LAST remaining depot on the Gogebic Range - Ironwood, MI
Posted by: lenron
N 46° 27.313 W 090° 10.253
15T E 717257 N 5148517
Romanesque brick and sandstone railroad depot in Ironwood, Michigan.
Waymark Code: WMD49Q
Location: Michigan, United States
Date Posted: 11/16/2011
Views: 14
This depot is the last remaining depot on the Gogebic Range, according to many sources including discoverourtown.com. The depot, constructed in the Romanesque style was built of brick and sandstone in 1892.

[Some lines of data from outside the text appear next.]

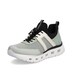 Sneaker Low M6061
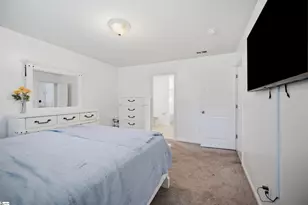 712 Roebuck Ave, Roebuck, SC 29376 - Photo 12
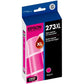 Epson C13T275392 ink cartridge Original High (XL) Yield Magenta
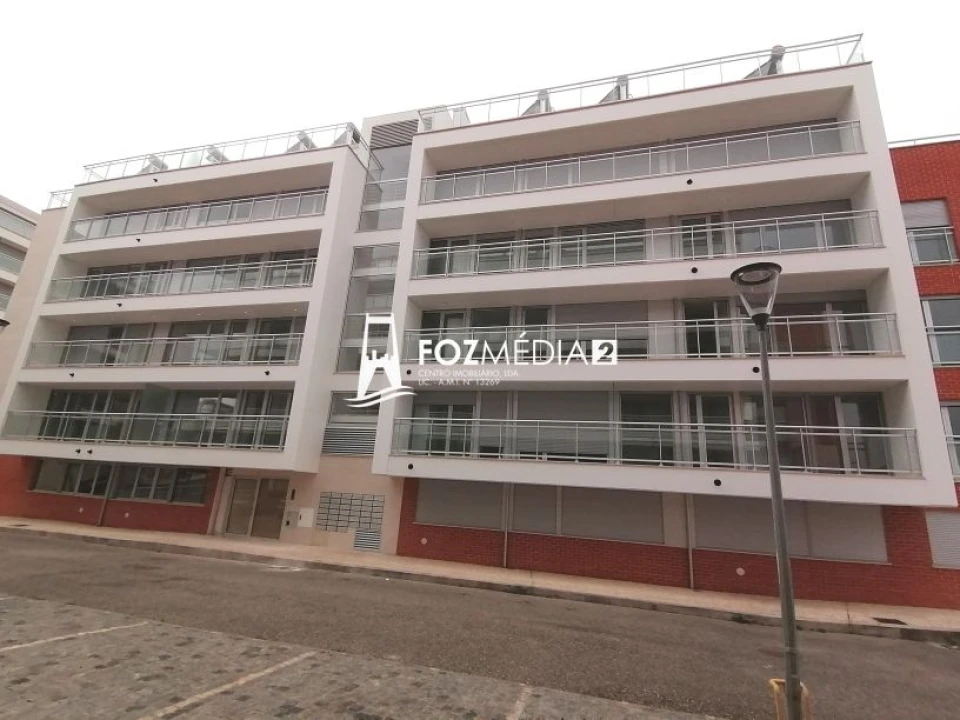 Apartamento T4 para Venda em Buarcos Foto 35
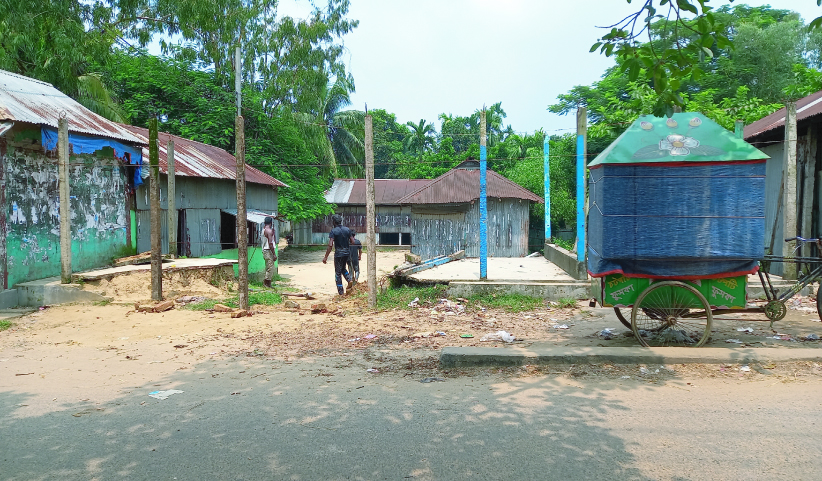 f3850d84-193e-48e7-9fba-c472cce6dd3e26939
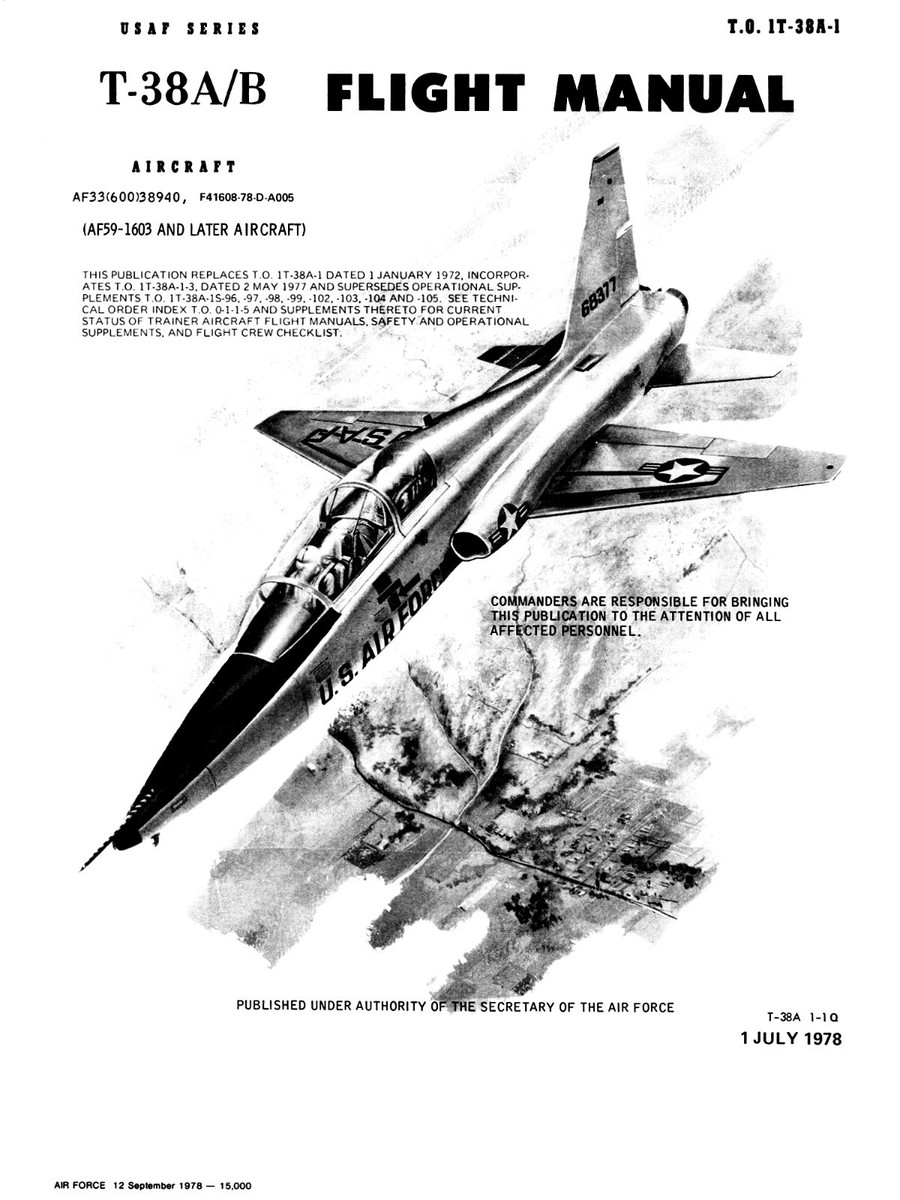 1967年米海軍ダグラスEA-3B, TA-3B フライトマニュアル 1967年米海軍ダグラスEA-3B, TA-3B フライトマニュアル - メルカリ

The Gogebic Range is defined by Wikipedia as:
The Gogebic Range extends from Lake Gogebic to the Wisconsin border in the east. It is located at the far western tip of the Upper Peninsula of Michigan on the south shore of Lake Superior. It refers both to the range of mountains that runs along the route and to the surrounding communities that built up during a boom period following in the 1880s. The term Gogebic Range is also used to refer to the same area extending across the border into Wisconsin, and extending west through a portion of Bayfield County, Wisconsin. The Gogebic Range area experienced an initial speculative boom in the mid-1880s, and saw recurring booms and busts from 1884 to 1967. The Gogebic Range includes the communities of Ironwood, Michigan, Wakefield, Michigan, Hurley, Wisconsin Bessemer, Michigan,Ramsay, Michigan and ski country area of Big Powderhorn. The term Gogebic is Ojibwa for "where trout rising to the surface make rings in the water."
The depot still stands and houses a historical museum and chamber of commerce. It was added to the National Register of Historic Places in 1985.